Top of Records provided

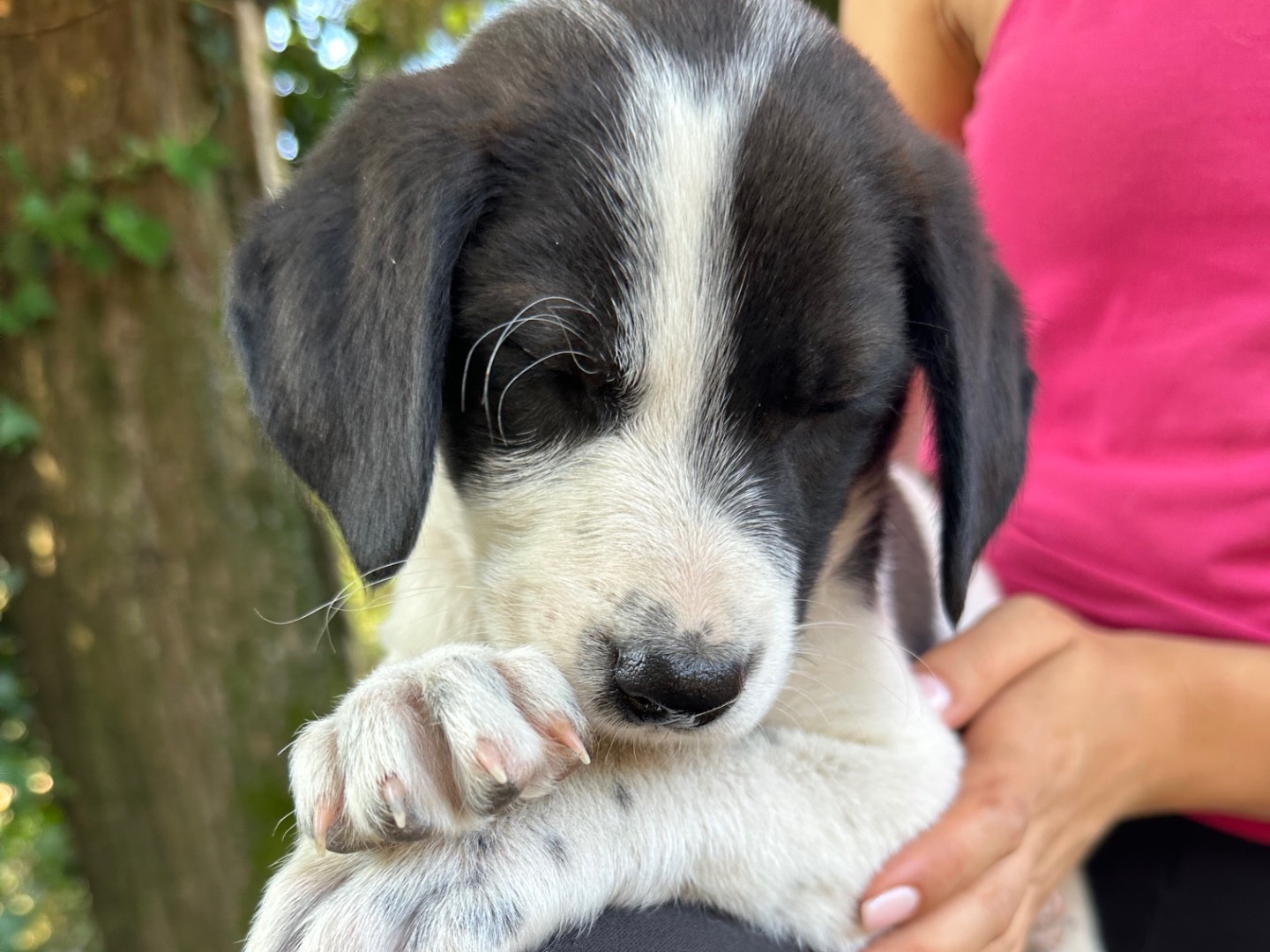 Vuoi adottare un cane a Salerno?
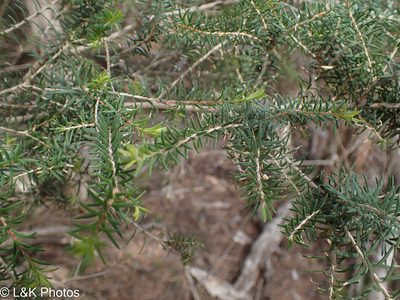 Melaleuca ericifolia, photographed by lallen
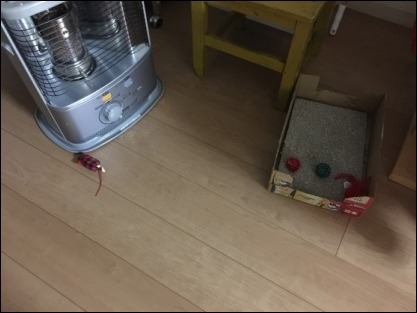 b0300759_10204216.jpeg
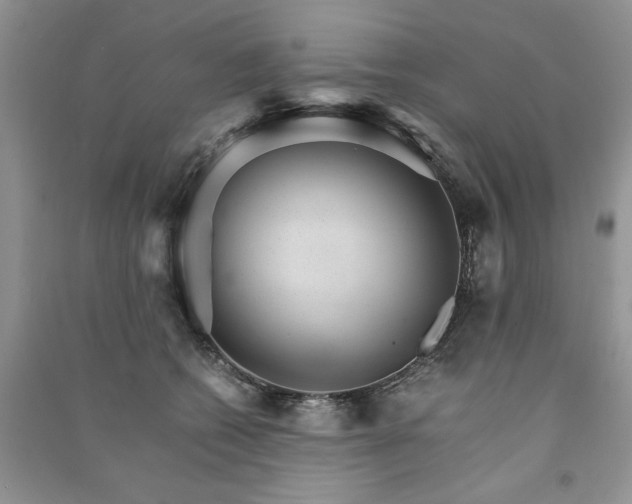 X0000091080562200708131259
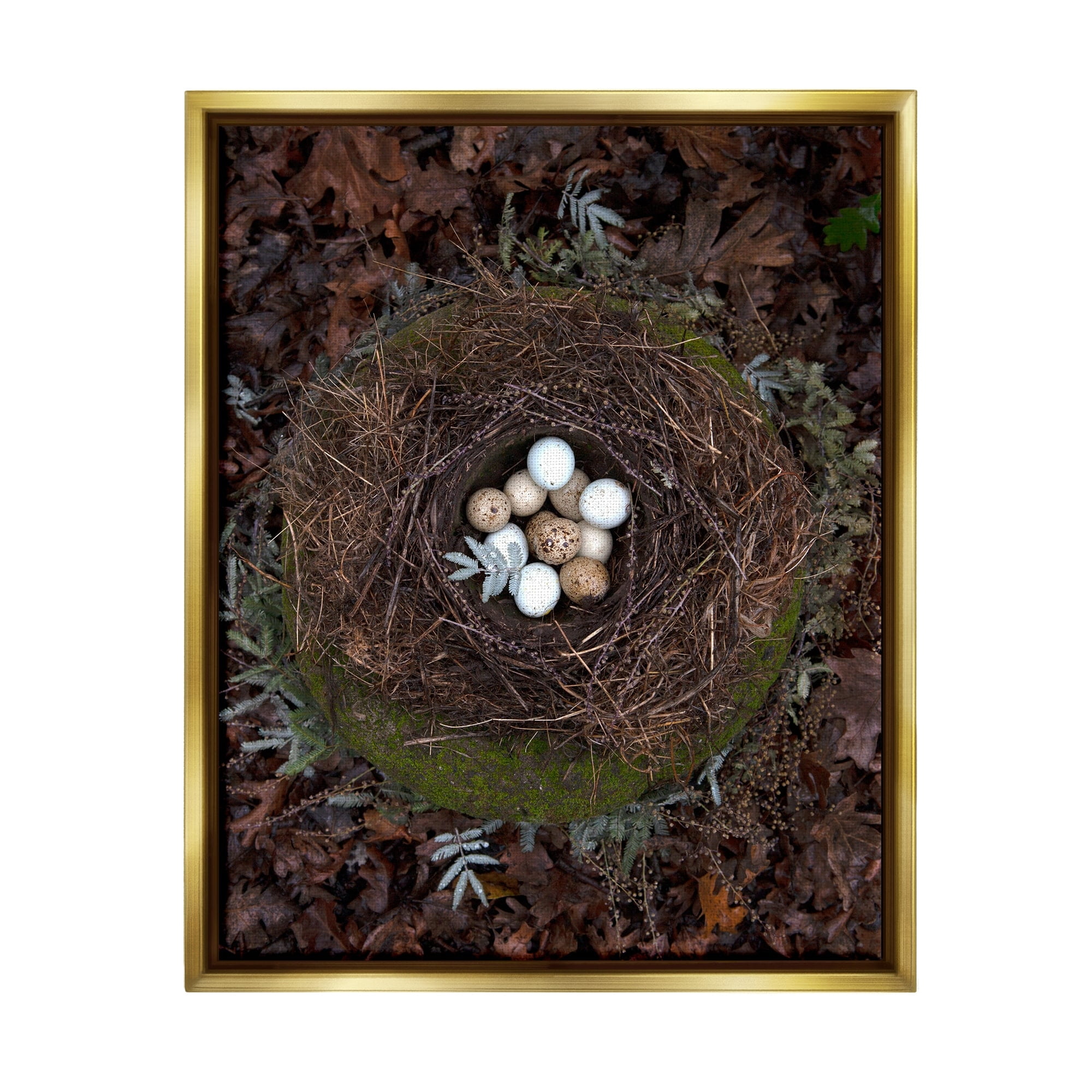 Stupell Industries Bird Nest Wildlife Forest Nature Speckled Eggs Photograph Metallic Gold Floating Framed Canvas Print Wall Art, Design by Tania Soderman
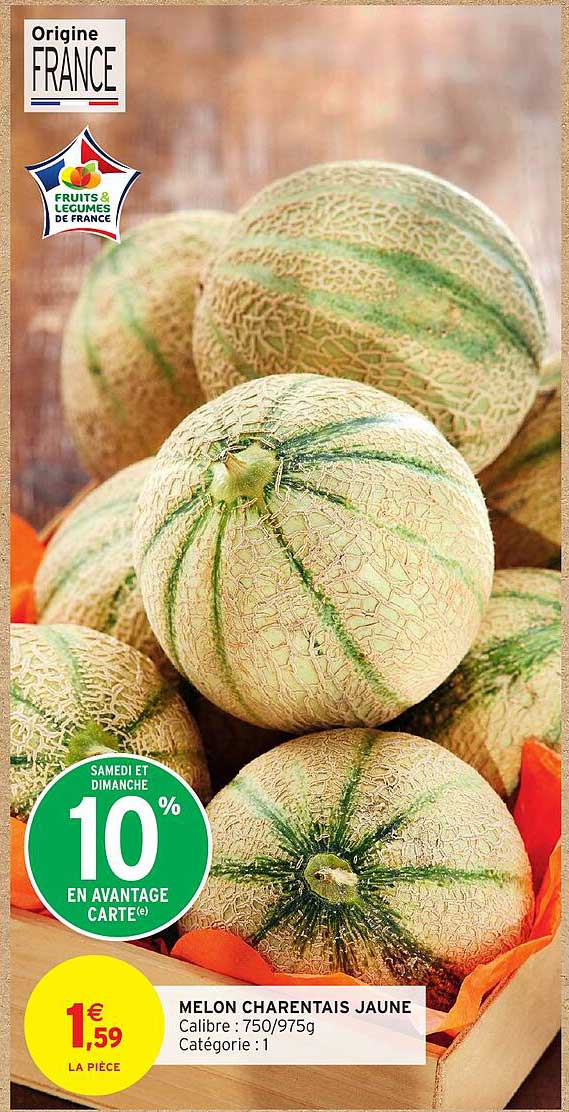 MELON CHARENTais JAUNE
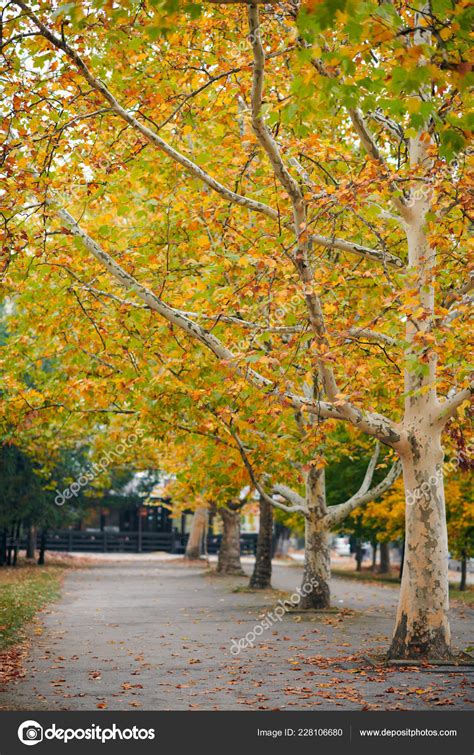 Beautiful Trees Autumn City Street Stock Photo by ©soleg 228106680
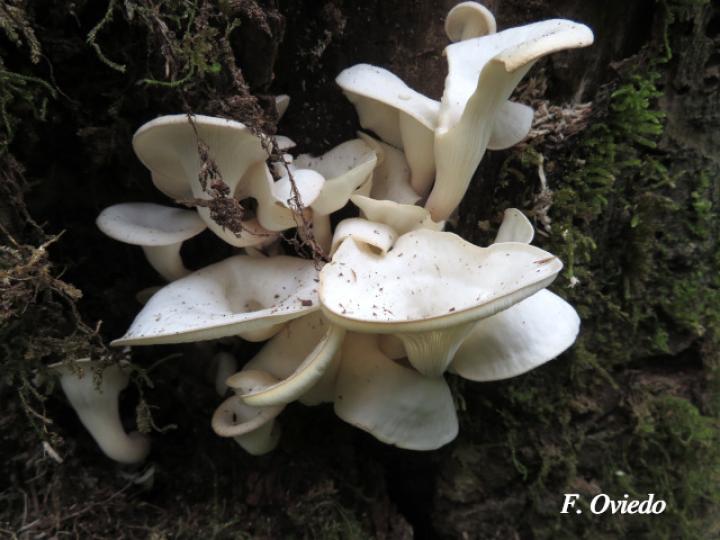 Pleurotus pulmonarius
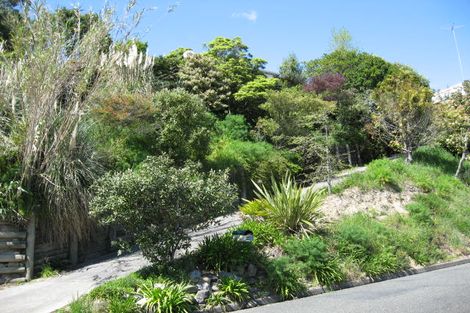 Photo of property in 64 Konini Street, Nelson South, Nelson, 7010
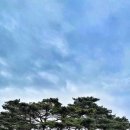 중앙대학교 예술대학원 이미지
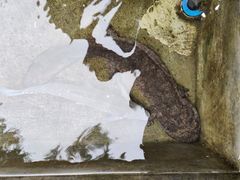 -源泉冷水鱼庄(小鱼洞店)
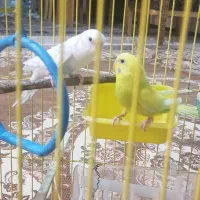 مرغ عشق|پرنده|بروجرد, |دیوار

Bottom of Records provided

**Work item:**
Nothing but the lines from the one holding "b0300759_10204216.jpeg" through the final line of the entries should be retyped, exactly as they stand and without pictures.

**Finished exercise:**
 b0300759_10204216.jpeg
 X0000091080562200708131259
 Stupell Industries Bird Nest Wildlife Forest Nature Speckled Eggs Photograph Metallic Gold Floating Framed Canvas Print Wall Art, Design by Tania Soderman
 MELON CHARENTais JAUNE
 Beautiful Trees Autumn City Street Stock Photo by ©soleg 228106680
 Pleurotus pulmonarius
 Photo of property in 64 Konini Street, Nelson South, Nelson, 7010
 중앙대학교 예술대학원 이미지
 -源泉冷水鱼庄(小鱼洞店)
 مرغ عشق|پرنده|بروجرد, |دیوار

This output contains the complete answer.